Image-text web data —
◆ ◆ ◆ ◆ ◆

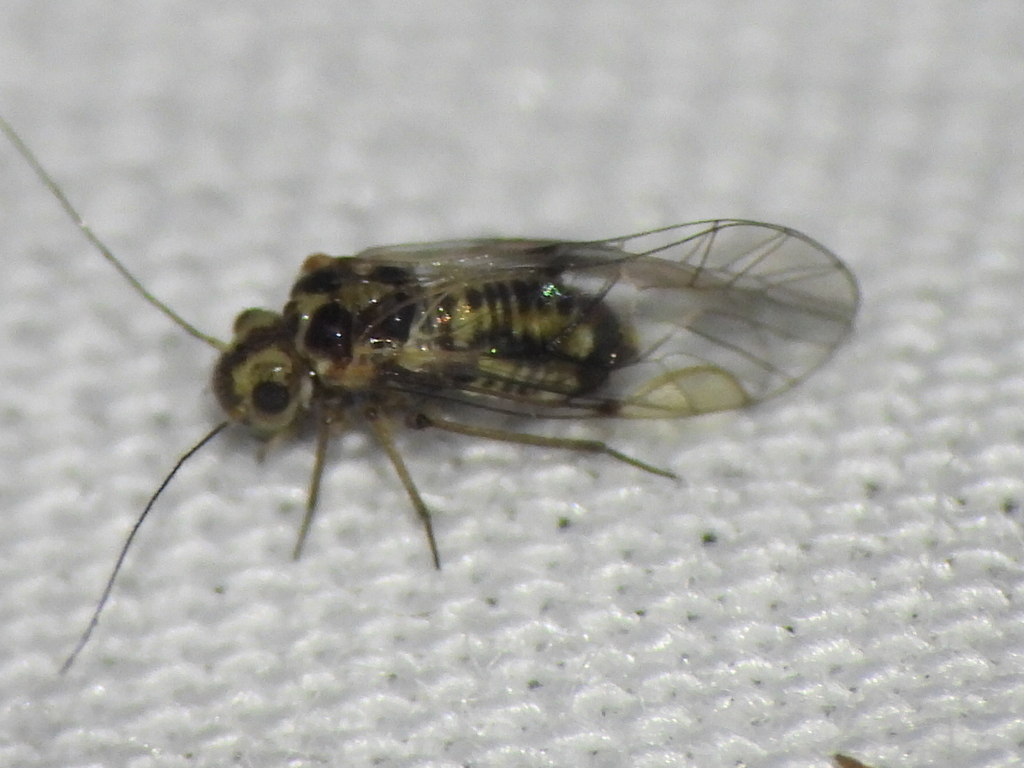 Blastopsocus lithinus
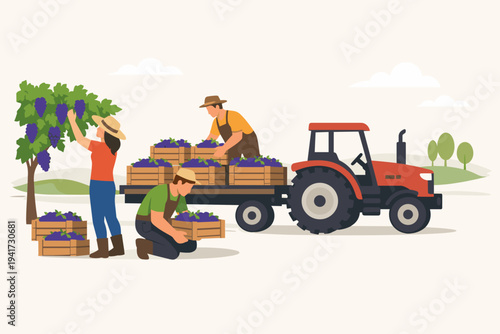 Farmers Harvesting Grapes in Vineyard, Workers Picking Purple Grapes and Loading Wooden Crates onto a Red Tractor Trailer, Agricultural Harvest Season, Flat Vector Illustration of Farm Life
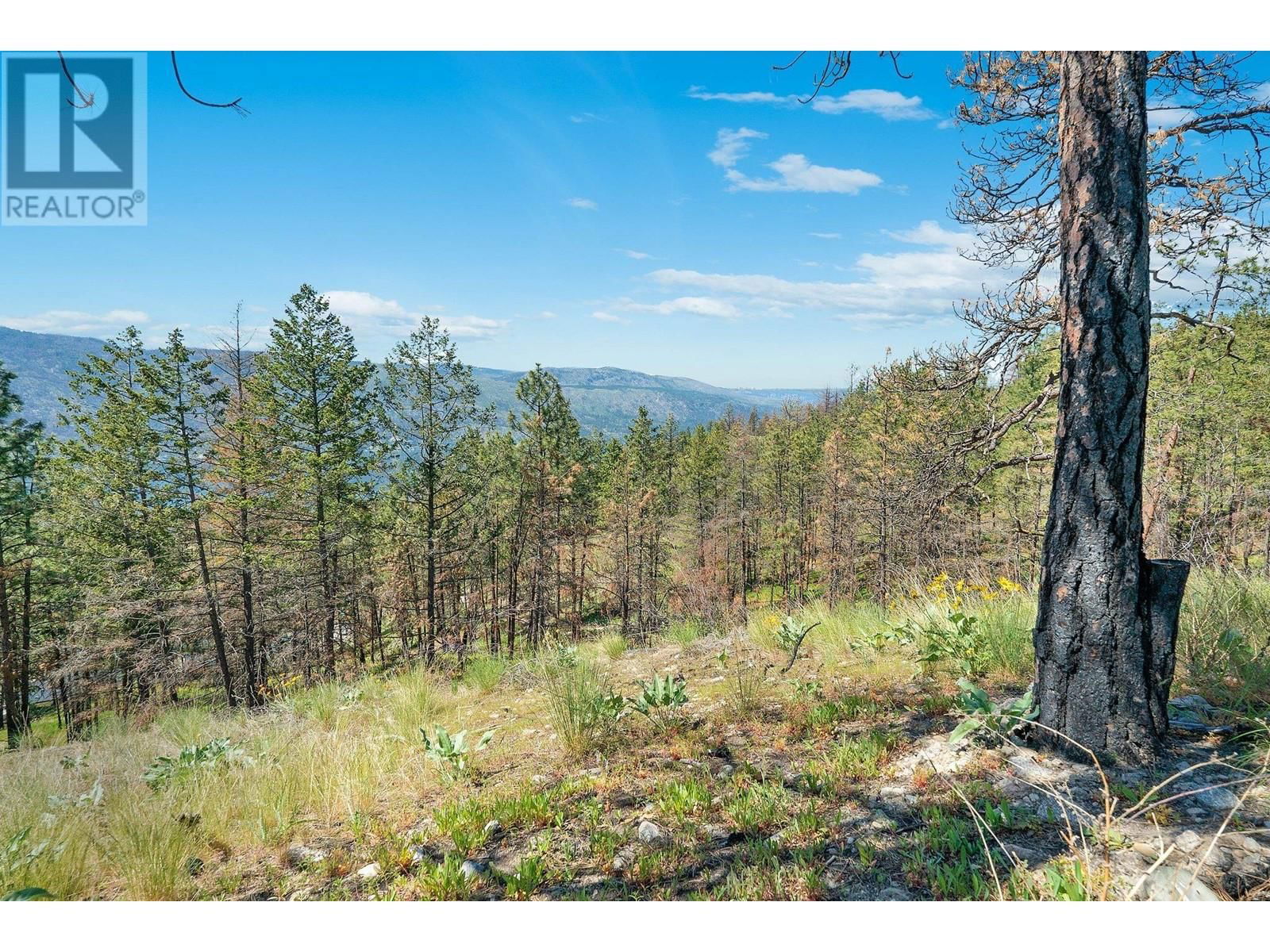 10138 BEACON HILL DRIVE Image 84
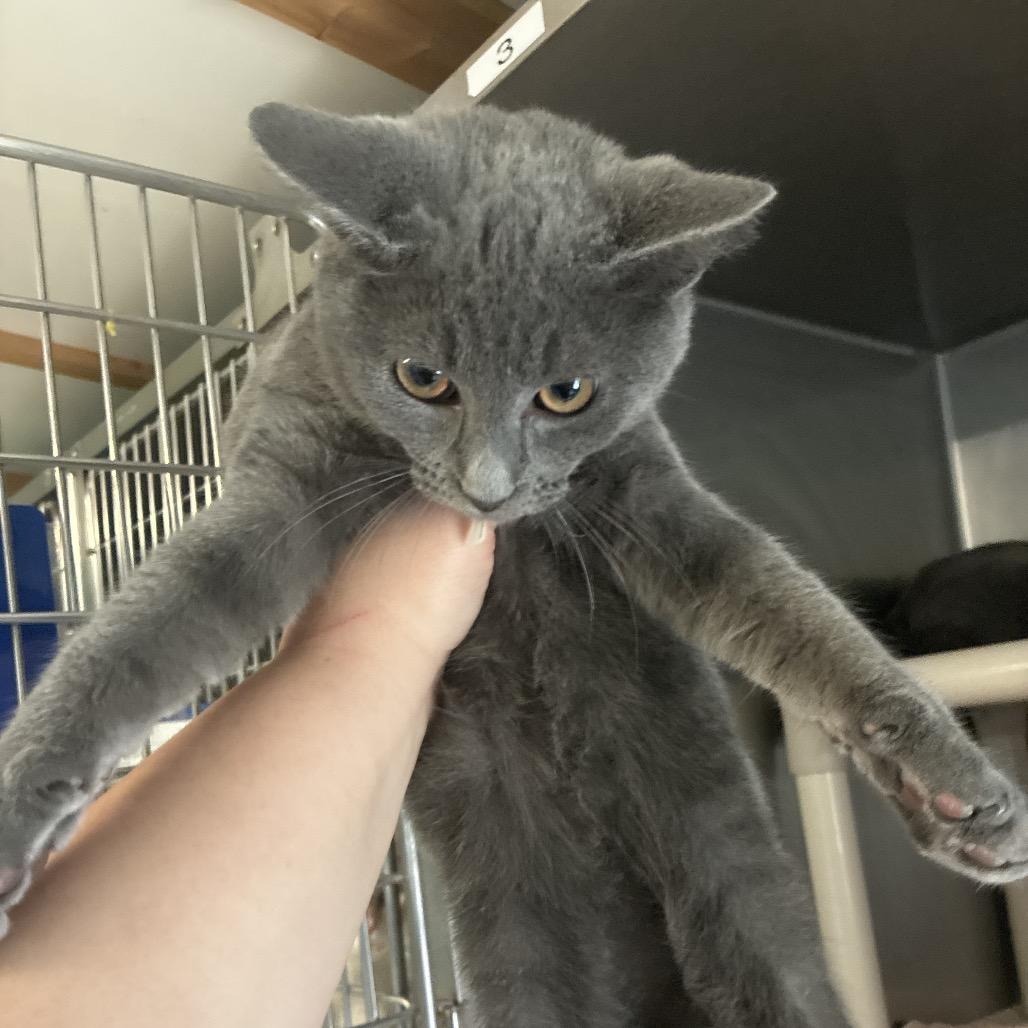 Old Spice, Adoptable, Kitten Male Domestic Short Hair.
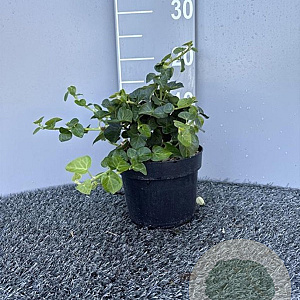 Hedera hib. 'Arbori Compact' 20-25 cm 2,0L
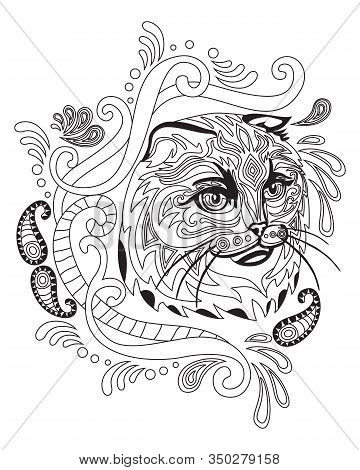 Vector Hand Drawing Zentangle Doodle Coloring Antistress With Ornamental  Scottish Fold Cat Portrait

◆ ◆ ◆ ◆ ◆

Please write out all the entries above again exactly as they appear, skipping any images.

 Blastopsocus lithinus
 Farmers Harvesting Grapes in Vineyard, Workers Picking Purple Grapes and Loading Wooden Crates onto a Red Tractor Trailer, Agricultural Harvest Season, Flat Vector Illustration of Farm Life
 10138 BEACON HILL DRIVE Image 84
 Old Spice, Adoptable, Kitten Male Domestic Short Hair.
 Hedera hib. 'Arbori Compact' 20-25 cm 2,0L
 Vector Hand Drawing Zentangle Doodle Coloring Antistress With Ornamental  Scottish Fold Cat Portrait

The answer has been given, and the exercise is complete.